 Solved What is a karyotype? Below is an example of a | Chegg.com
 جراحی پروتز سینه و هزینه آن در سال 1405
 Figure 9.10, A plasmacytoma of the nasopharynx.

...

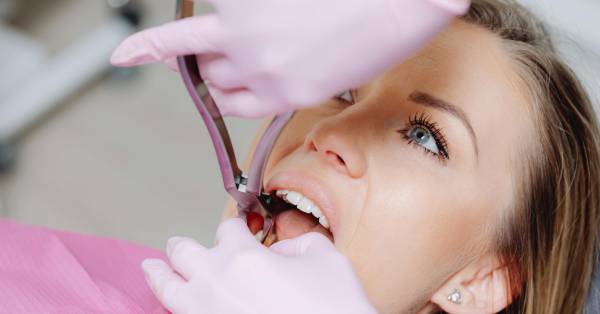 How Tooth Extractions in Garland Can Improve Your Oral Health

---

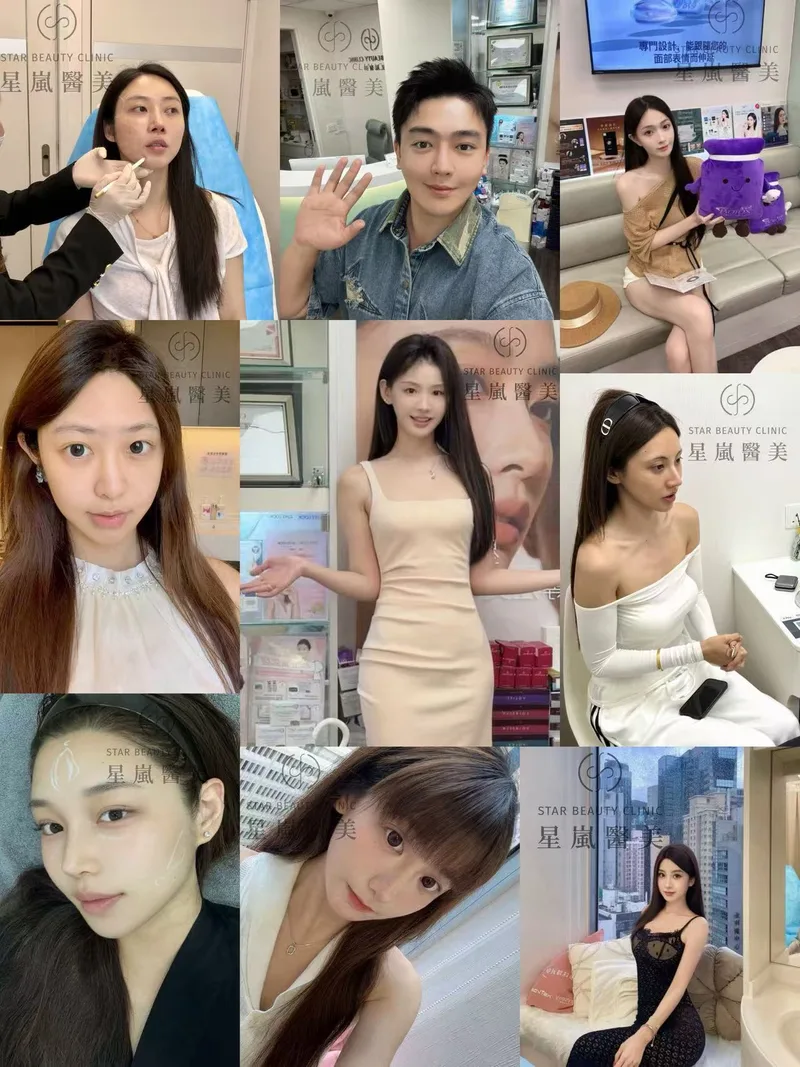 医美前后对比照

Work required –
Output the lines of the records above exactly as they appear, from the line containing "جراحی پروتز سینه و هزینه آن در سال 1405" through the line containing "Figure 9.10, A".

Task output –
 جراحی پروتز سینه و هزینه آن در سال 1405
 Figure 9.10, A plasmacytoma of the nasopharynx.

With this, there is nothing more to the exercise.